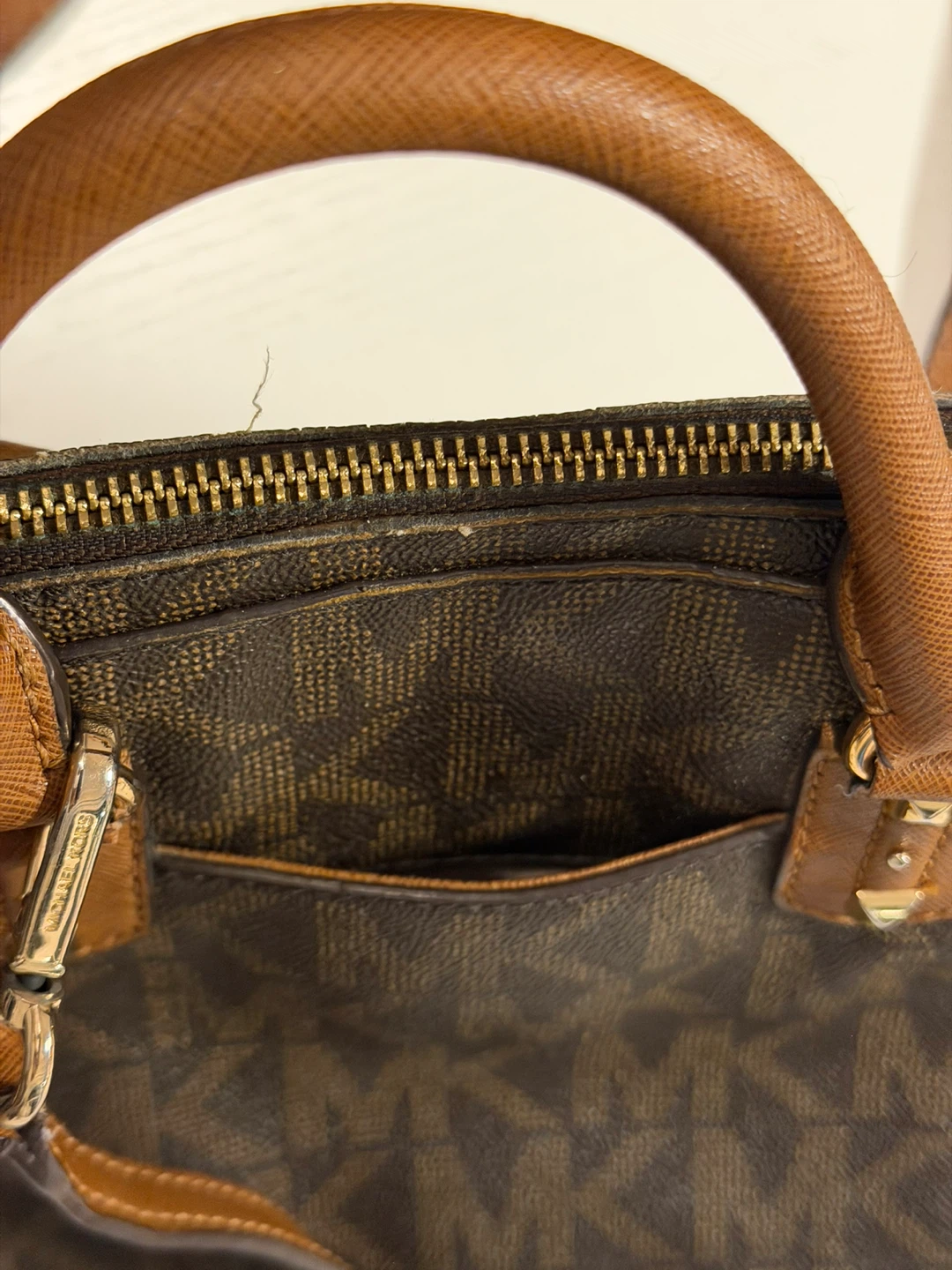 Michael Kors Studded Satchel Handbag - photo 5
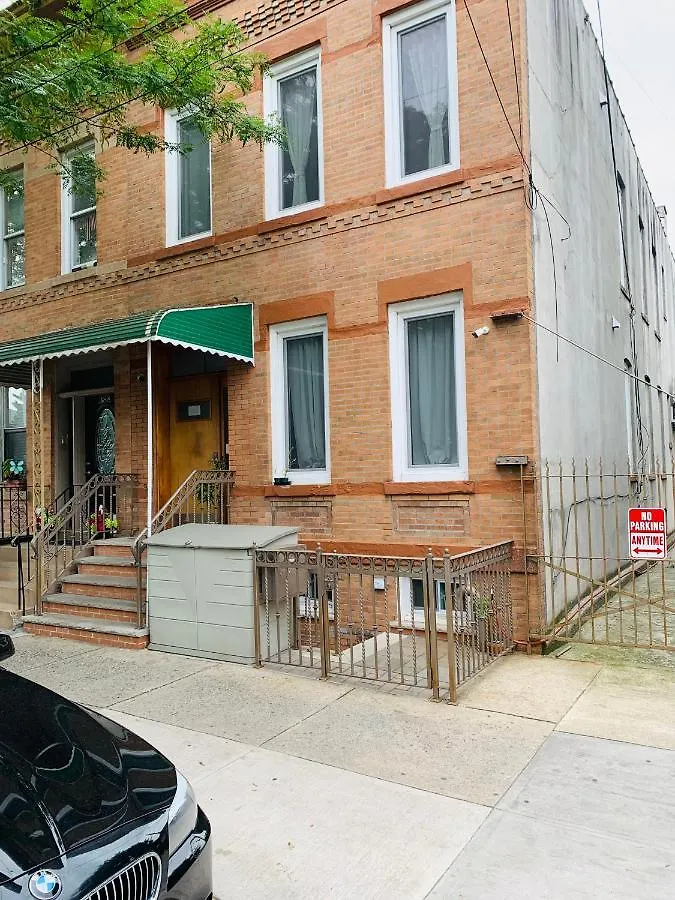 Urban Jungle Oasis In Queens! Apartment New York 0*,  United States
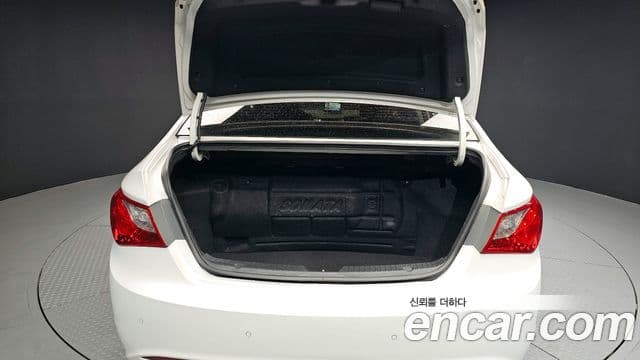 Hyundai YF Sonata LPI top, 2011 20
======
**Exercise goal:**
Could you reproduce all of the data above exactly and skip any image?

**Exercise answer:**
 Michael Kors Studded Satchel Handbag - photo 5
 Urban Jungle Oasis In Queens! Apartment New York 0*,  United States
 Hyundai YF Sonata LPI top, 2011 20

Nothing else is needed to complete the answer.